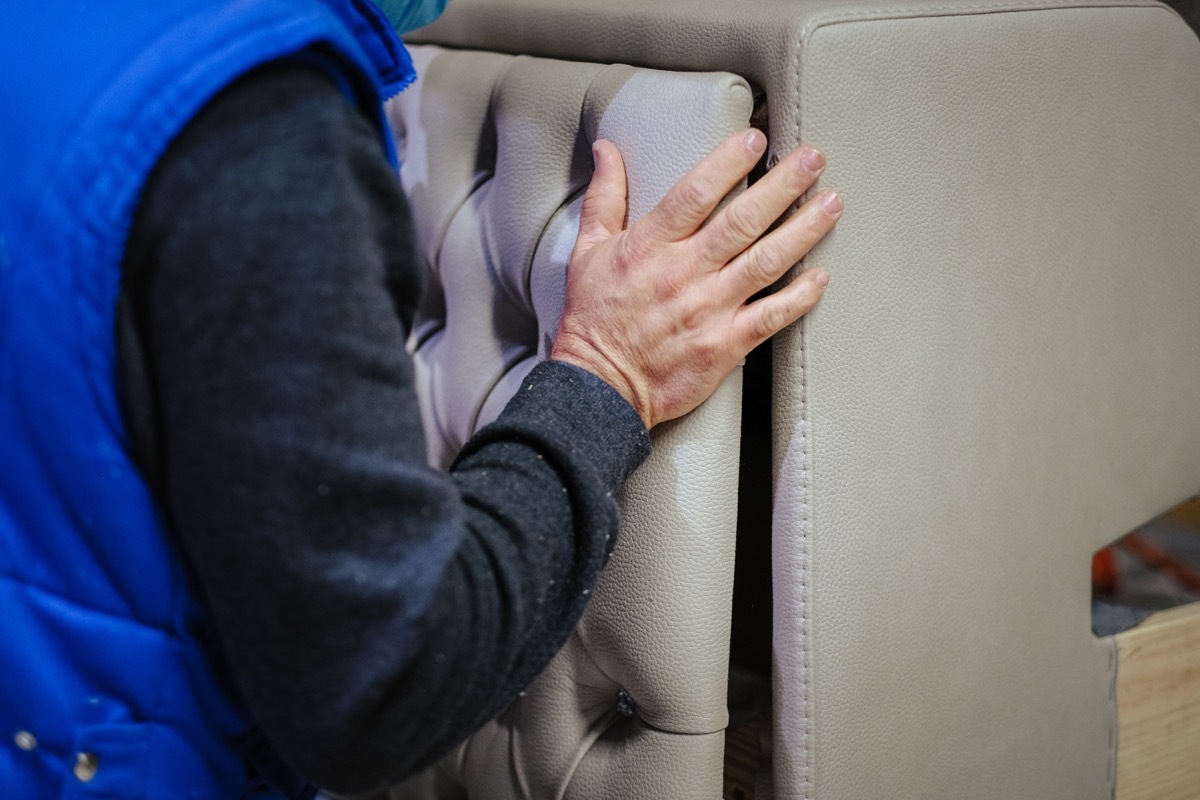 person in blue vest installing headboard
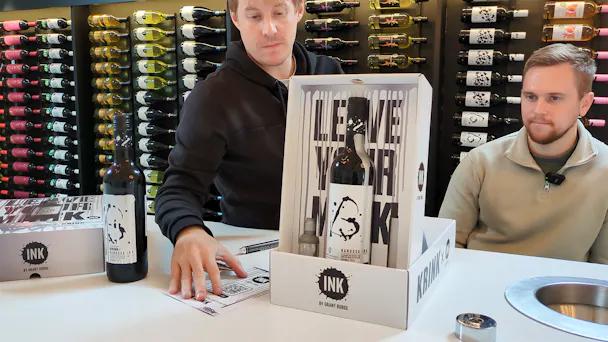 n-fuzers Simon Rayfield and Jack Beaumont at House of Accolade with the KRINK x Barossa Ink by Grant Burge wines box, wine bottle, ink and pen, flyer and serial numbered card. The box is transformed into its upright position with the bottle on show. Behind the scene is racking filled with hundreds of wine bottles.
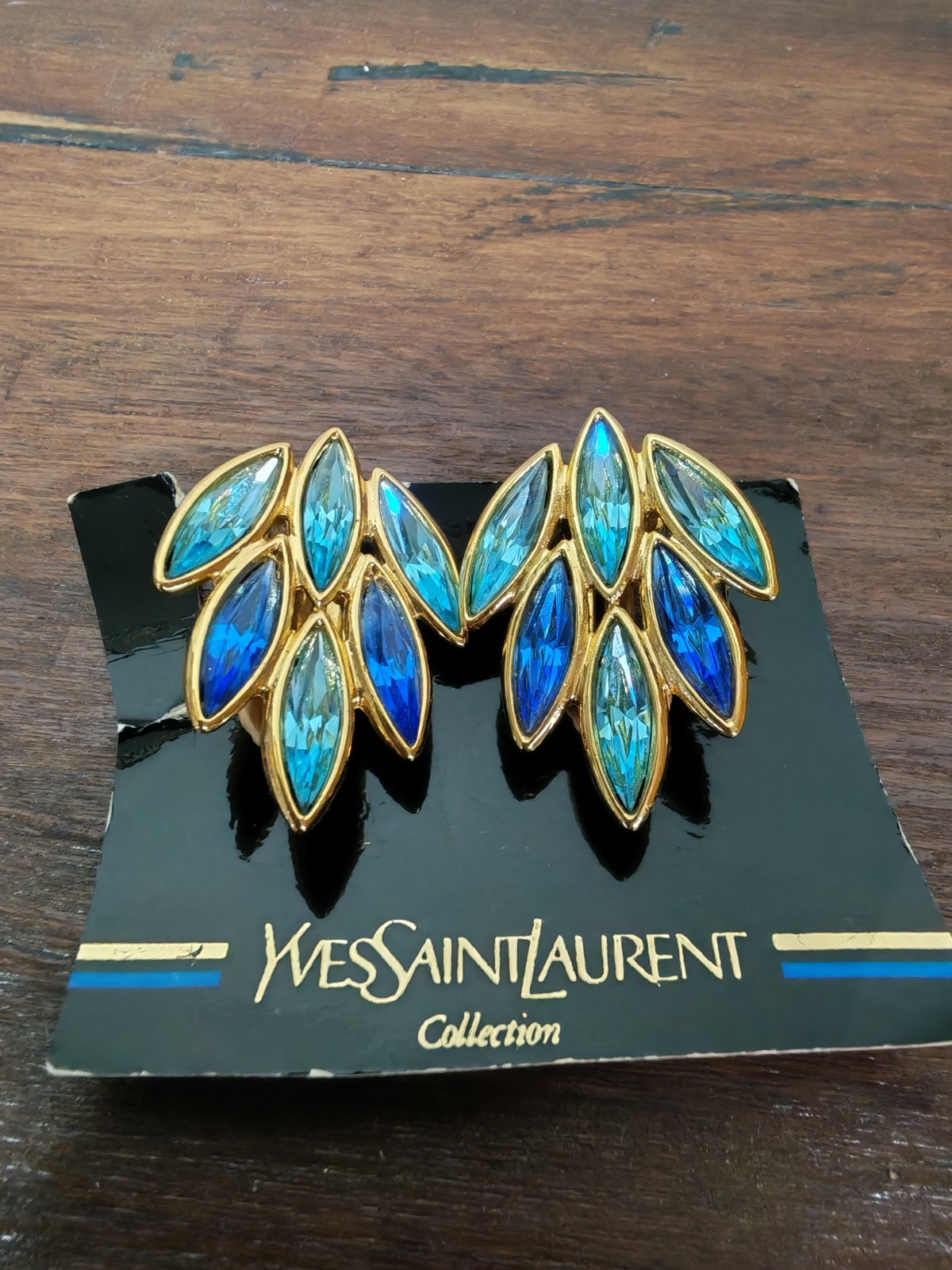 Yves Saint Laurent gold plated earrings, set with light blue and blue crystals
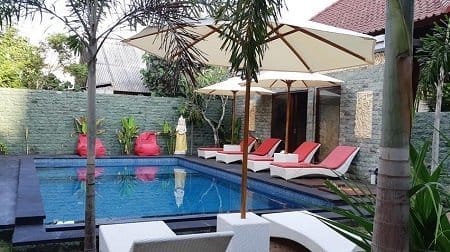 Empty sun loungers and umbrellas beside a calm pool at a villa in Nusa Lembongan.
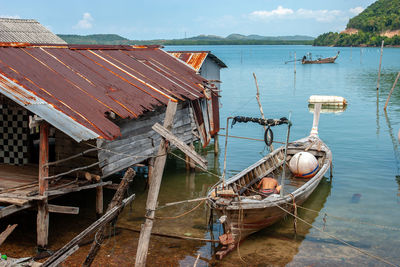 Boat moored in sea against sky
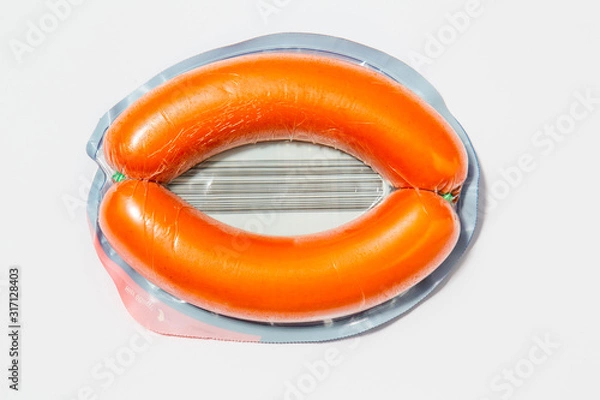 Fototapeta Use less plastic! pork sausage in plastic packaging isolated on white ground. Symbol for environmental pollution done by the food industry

──────────────────────────────

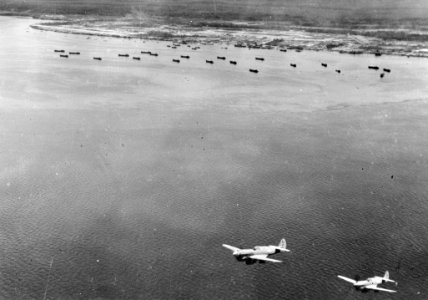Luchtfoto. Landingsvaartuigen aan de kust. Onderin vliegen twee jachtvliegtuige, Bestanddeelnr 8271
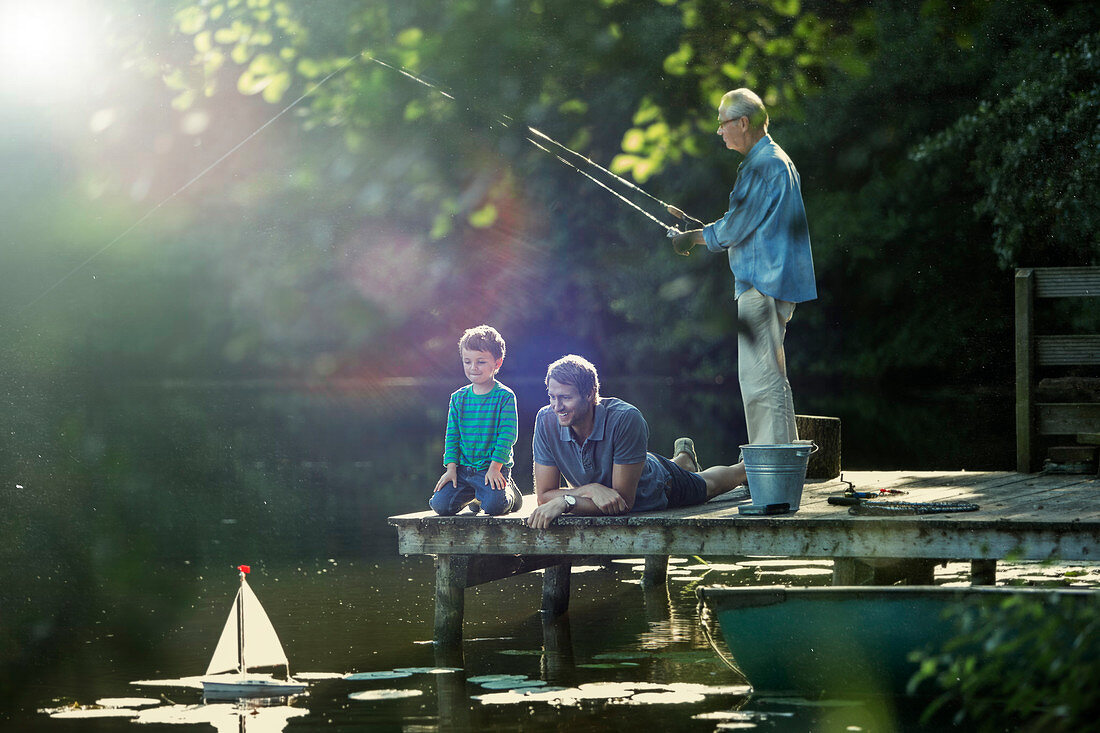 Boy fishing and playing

──────────────────────────────

Exercise goal> Using the data above, retype exactly the lines from the line with "Boat moored in sea against sky" to the line with "Fototapeta Use less", inclusive. No pictures and nothing else.

Answer box>
 Boat moored in sea against sky
 Fototapeta Use less plastic! pork sausage in plastic packaging isolated on white ground. Symbol for environmental pollution done by the food industry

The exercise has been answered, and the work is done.